Infini-AI-Lab / TriForce

[COLM 2024] TriForce: Lossless Acceleration of Long Sequence Generation with Hierarchical Speculative Decoding
https://infini-ai-lab.github.io/TriForce/
203 stars 12 forks source link

Attention Scores Matrix Visualization #10

Open bulaikexiansheng opened 2 weeks ago

bulaikexiansheng commented 2 weeks ago

Hi, I would like to ask why the attention mask is not used in the prefill stage. I want to output the attention scores matrix in prefill stage. Is the code below right?

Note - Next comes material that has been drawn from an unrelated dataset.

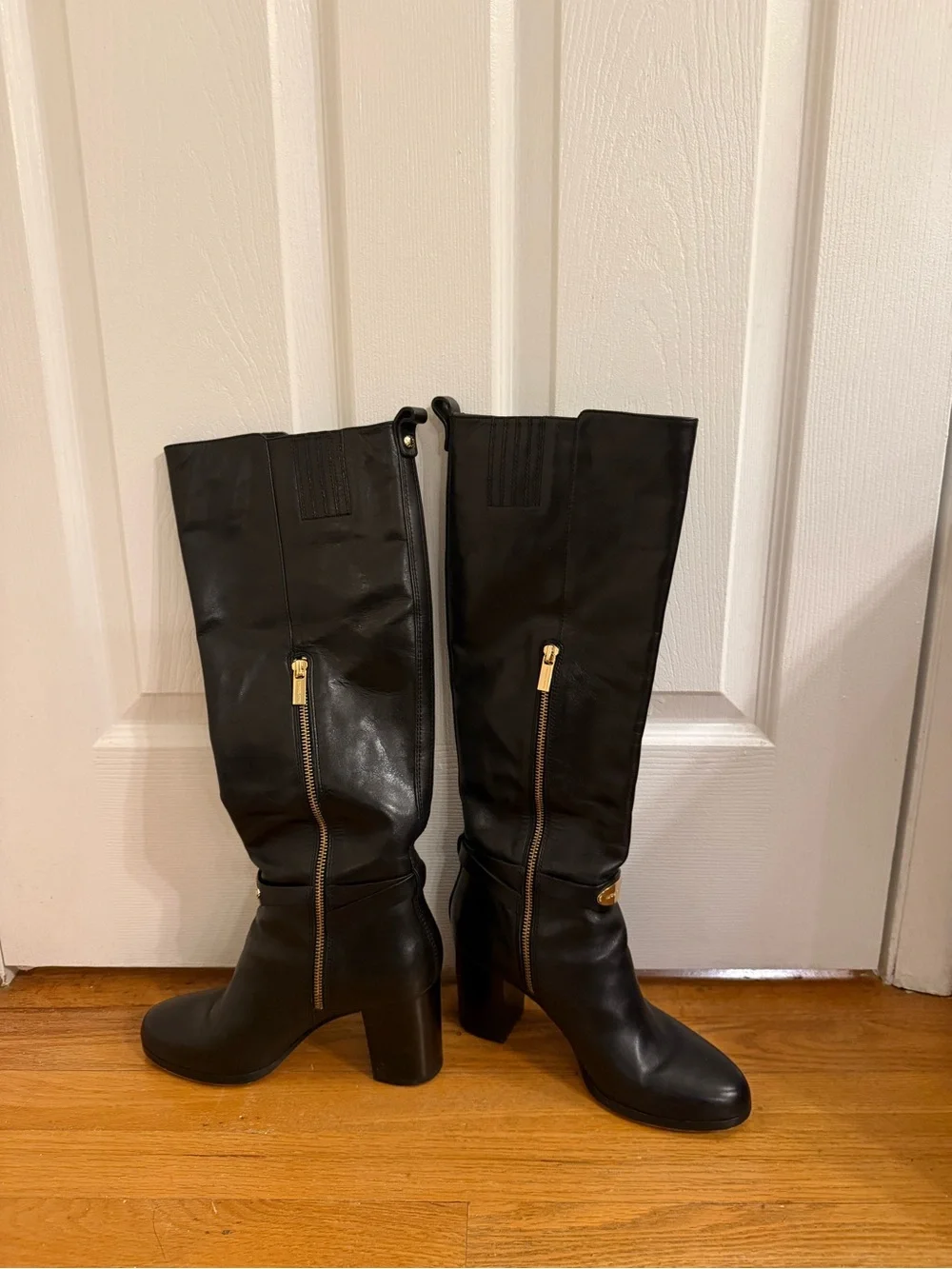 Michael Kors Black Leather Knee High Boots with Gold Accents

        if spec: # spec decoding
            key_states, value_states = graph_cache.update(new_k_cache=key_states, new_v_cache=value_states, layer_idx=self.layer_idx)
        else:
            # update kv cache first
            key_states, value_states = kv_cache.update(key_states, value_states, layer_idx=self.layer_idx)
            if query_states.shape[1] == 1 and (isinstance(graph_cache, RetrievalCache)): 
                if graph_cache.init_graph == False:
                    # init graph cache
                    graph_cache.init_graph_cache(kv_cache, query_states, self.layer_idx)
                else:
                    # update graph cache (customized)
                    graph_cache.update_graph_cache_retrieval(kv_cache, query_states, self.layer_idx)

        # 计算注意力得分矩阵
        attention_scores = torch.einsum("bqhd,bkhd->bhqk", query_states, key_states)
        attention_scores /= torch.sqrt(torch.tensor(self.head_dim, dtype=torch.float32))
        if attention_mask is not None:
            attention_mask = attention_mask.to(attention_scores.device)
            attention_scores += attention_mask

        attn_output = flash_attn_with_kvcache(q=query_states, k_cache=key_states, v_cache=value_states, softmax_scale=1/torch.sqrt(torch.tensor(self.head_dim, dtype=torch.float16)), causal=True)
        attn_output = attn_output.reshape(bsz, q_len, self.hidden_size)

        attn_output = self.o_proj(attn_output)

        return attn_output, attention_scores
preminstrel commented 2 weeks ago

Hello,

We use flash attention function which already has causal mask for prefilling phase.

It should be noted that it is easy to have OOM issue when you are trying to compute attention matrix directly for long sequences.